Como la prioridad es que no se arme un caos de autos, los padres tienen que hacer una fila para ir entrando al espacio reservados para recoger chicos, el que está pintado de amarillo. Esto significó un empleado dedicado a preguntar a quién se va a buscar, a repetir el nombre en un handy y a esperar que llega la chica o chico. Como el orden de los autos es completamente aleatorio y no hay modo de ordenar esto por grado o edad, todos los chicos tienen que bajar y apiñarse en la planta baja del colegio, esperando que los llamen.

Mientras, en el interior, maestras y asistentes corren de acá para allá, handy en mano, buscando a los chicos que hay que mandar a los autos. Y también mientras, los padres-peatones esperan detrás de la barandita, haciendo una cola cada vez más enorme, como si fueran a comprar entradas de un clásico. Como los chicos ya están abajo y el orden de la cola también es aleatorio, el desorden aumenta: salen los de salita y los de sexto, los de seis años y los de once, todos mezclados.
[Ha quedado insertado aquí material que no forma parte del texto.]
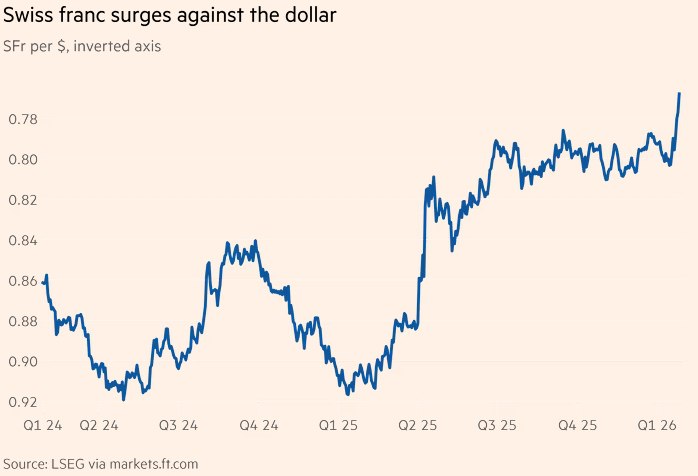 Швейцарский франк достиг десятилетнего пика Швейцарский франк установил исторический максимум за последние десять лет поднявшись до рекордной отметки с 2015 года Это неожиданно сильное укрепление валюты создает дополнительное давление на национальный ЦБ investing investing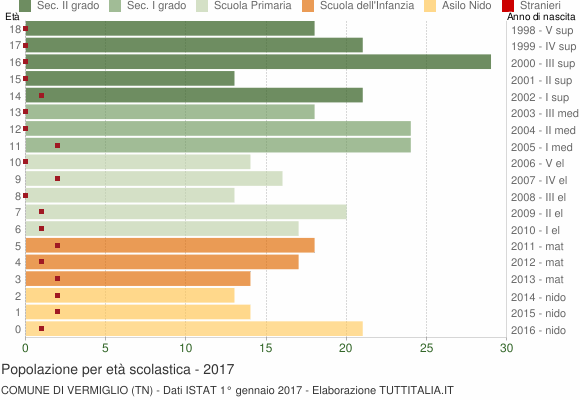 Grafico Popolazione in età scolastica - Vermiglio 2017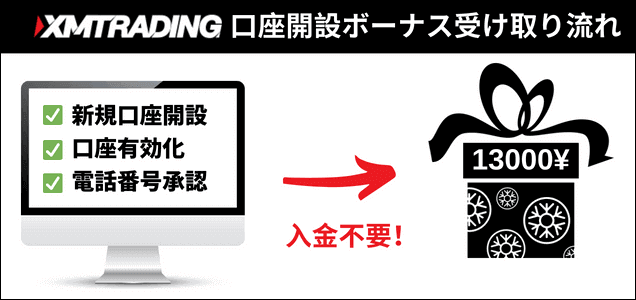 XM 口座開設ボーナス受け取り流れ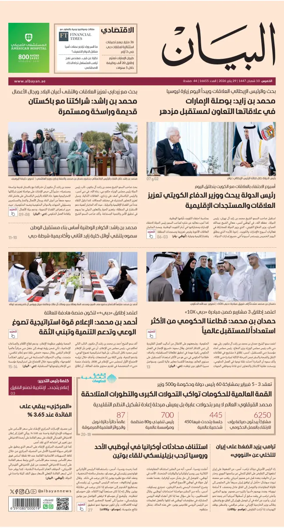 Cover of Al Bayan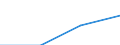 Currency: Euro / BOP_item: Financial account / Sector (ESA 2010): Total economy / Sector (ESA 2010): Total economy / Stock or flow: Assets - positions at the end of period / Geopolitical entity (partner): Greece / Geopolitical entity (reporting): European Commission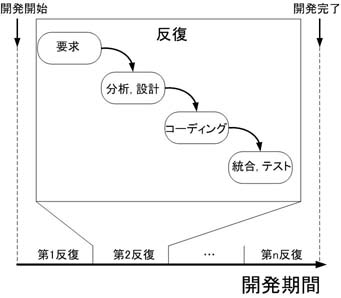図２ 反復的開発アプローチ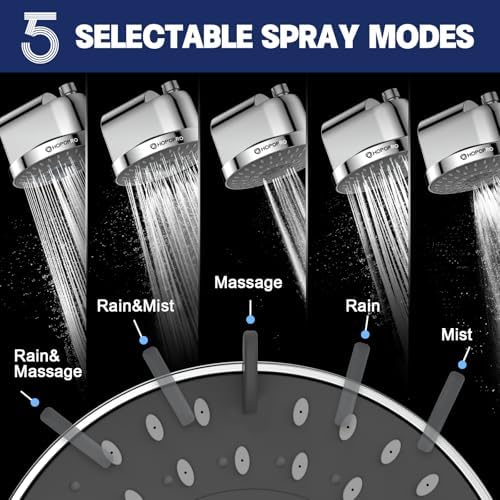 High Flow Filtered Shower Head, HOPOPRO 5 Modes High Pressure Fixed Showerhead with Filter, 2-In-1 Shower Head Filter for Hard Water, Remove 99% Chlorine, Improves Skin Hair Condition (6 Inch Silver) - Image 5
El último de la cola se fuma por lo menos cuarenta minutos hasta que le devuelven su hijo, el primero ya se los fumó porque hay que estar tempranísimo para ser el primero. O el padre espera cuarenta minutos, o los dos terminan esperando eso...

Todo es tan molesto que el colegio que hizo el experimento armó desde el primer día excepciones para madres embarazadas, para abuelos que no pueden estar tanto tiempo parados y para padres que se pudieron bravos. Lo que no pudieron fue encontrar una manera de respetar sus propios horarios, en los que los grados salían en franjas, de menor a mayor, con los chicos yendo del aula a los padres sin esperar bizantinas. Esto les pasa por hacerle caso a una banda de incompetentes como la que gobierna esta ciudad.